Back in 2003, when Quentin Tarantino’s first Kill Bill film, Kill Bill Vol. 1, came out, we all knew the production’s complicated saga: The director and his star, Uma Thurman (who had come up with the concept together), had intended to make one giant martial-arts revenge movie, but it wound up being so long that it got split into two pictures. By the time Kill Bill Vol. 2 came out a few months later, many of us felt that this division was the right solution. Both movies were excellent, but they were so tonally different from each another. Vol. 1 was a vibrant, no-holds-barred, mixed-media action fest, while Vol. 2 was more elegiac, sadder — a minor-key slow burn leading to a long, talky but ultimately moving finale. Plus, the entire story was already so episodic, constructed of chapters that jumped back and forth in time, that serializing the films felt very much in the spirit of the whole thing.
Over the years, Tarantino’s reconstitution of the full saga, titled Kill Bill: The Whole Bloody Affair, has done some festival and repertory rounds in a slightly modified version.

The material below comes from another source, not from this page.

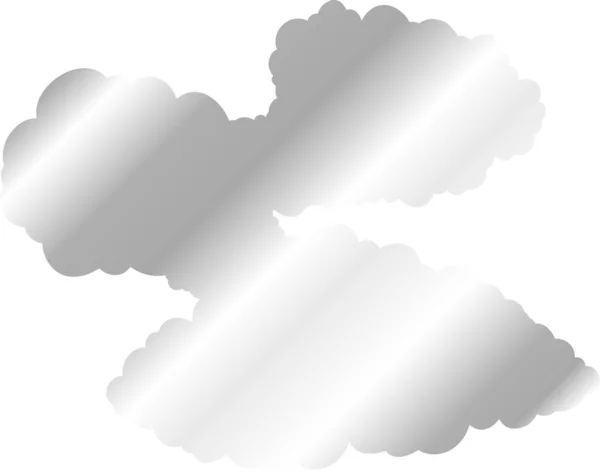 Esta Una Ilustración Nubes Japonesas Conectadas Entre — Archivo Imágenes Vectoriales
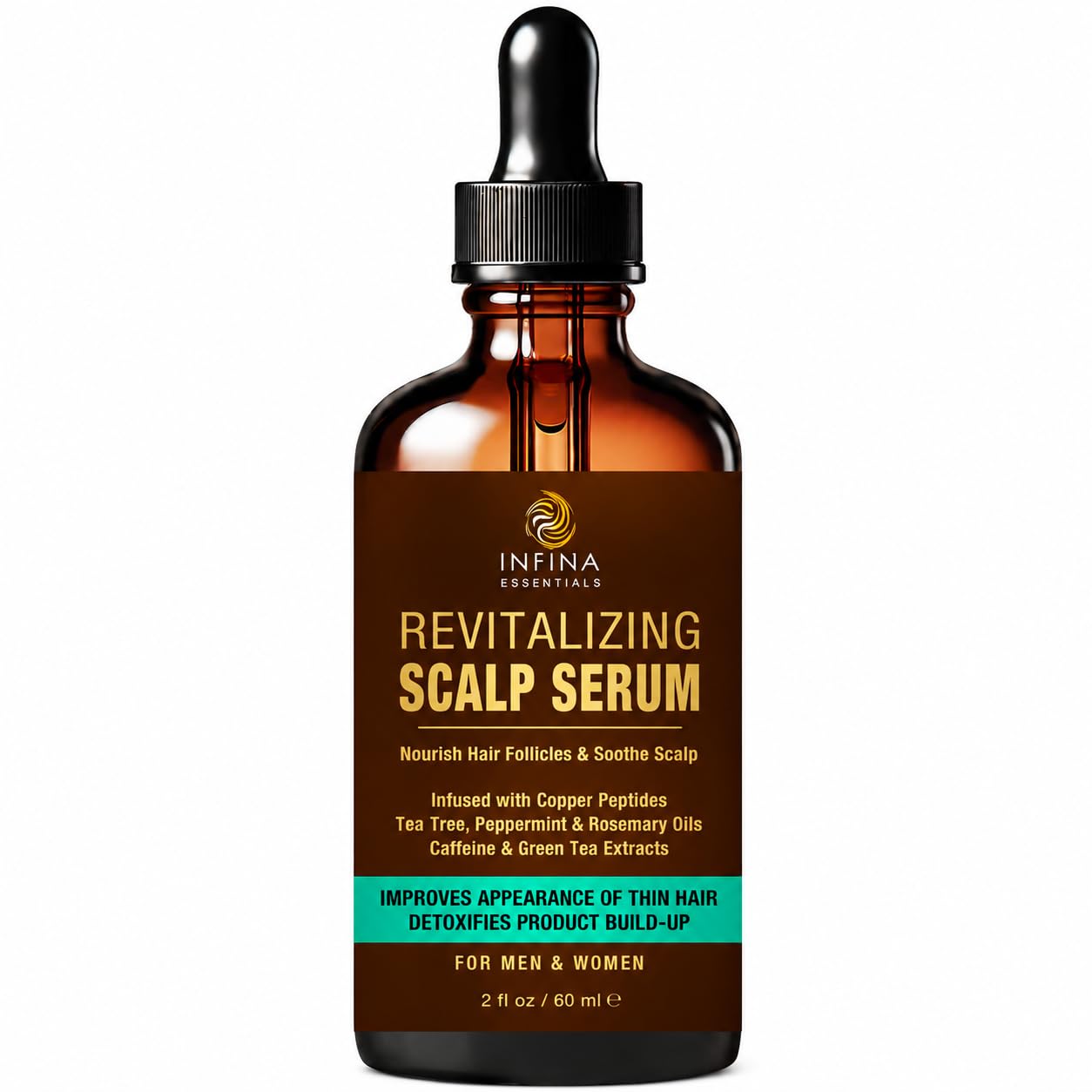 Revitalizing Scalp Serum for Hair Growth, Peptide Hair Serum for Hair Growth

But it’s finally being released properly in theaters, running at well over four hours with an intermission. And it is a revelation. The tonal mismatch I feared could have turned one giant movie into a bit of a slog turns out to be among its greatest strengths. The reflective second half recontextualizes the first, and the progression of colorful action fantasia to quiet existential reckoning is overwhelming. Thurman’s performance, already one of the pinnacles of her career, gains a new emotional dimension with the narrative’s added weight. By the end of the four-plus-hour journey, we feel her exhaustion, her elation, her unfathomable sadness and rage and joy. She was always good — we knew that — but taken as a whole, this feels like one of the greatest performances of the young century.
Before, the whole thing could be summarized with a simple logline: A former deadly assassin who was shot and left for dead (while pregnant) on her wedding day by her former partners, Beatrix Kiddo (whose name is delectably bleeped out in the film’s first half, as if she were some demonic-divine figure) wreaks systematic revenge on the people who did her wrong. The film starts in medias res, so from the beginning, we know Beatrix, also known as “the Bride,” has killed the first person on her hit list, O-Ren Ishii (Lucy Liu), bringing added poignancy when the movie later doubles back to tell the sad, bloody story of O-Ren’s own origins.
Tarantino loves surprises, but he doesn’t give a shit about spoilers. Just as we know that O-Ren’s a goner early on, we pretty much know that the Bride will eventually triumph and that she will make her way to Bill (David Carradine), her boss and former lover who ordered the hit on her and, as seen in the film’s opening, pulled the trigger meant to blow away her face. And we certainly know that the Bride will emerge victorious from the unhinged slaughterfest of her confrontation with the Crazy 88, O-Ren’s crack army of black-suited, sword-wielding killers — a sequence that has already secured its place in action-film history.
Look, Tarantino can be a blowhard in his interviews, and he recently appears to have stepped in it yet again. To be clear, he will never stop doing that. But that will also never take away from his extraordinary skills as a filmmaker, and the Kill Bill saga, in whichever presentation, was always one of his great achievements. There are a couple of added bits in this new full version — mainly an extra (and super-gory) sequence in the anime flashbacks to O-Ren’s origins. But perhaps the biggest change is what’s not there. Back in 2003, Vol. 1 ended with some brief scenes meant to entice us for the second entry, and among them was a line from an as-yet-unseen Bill informing us that the Bride’s daughter, unborn and presumed dead in that initial massacre, was still alive. This was a fun, melodramatic cliff-hanger, but it’s not included in this full version of Kill Bill; the viewer only finds out the daughter is alive when Beatrix herself does: when the girl suddenly shows up in the film’s final sequence.
How would that have played had the earlier line never been there? I can’t tell you. But even with that foreknowledge, the moment hits us like a truck full of dynamite, aided immensely by Thurman’s explosive shock at the sight of her daughter. The scene properly reframes the whole picture as the emotional journey of a mother, turning all the expertly choreographed action spectacle and narrative trickery of the film’s earlier scenes into something akin to a great big metaphor for life itself. In so doing, it also restores the movie’s sweep and the complexity of its epic scope. Before our very eyes, Kill Bill: The Whole Bloody Affair becomes a modern-day Odyssey.